=== Material provided ===

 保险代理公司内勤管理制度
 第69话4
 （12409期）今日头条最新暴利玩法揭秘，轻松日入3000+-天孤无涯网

===

Return every line above exactly.

Exercise solution:
 保险代理公司内勤管理制度
 第69话4
 （12409期）今日头条最新暴利玩法揭秘，轻松日入3000+-天孤无涯网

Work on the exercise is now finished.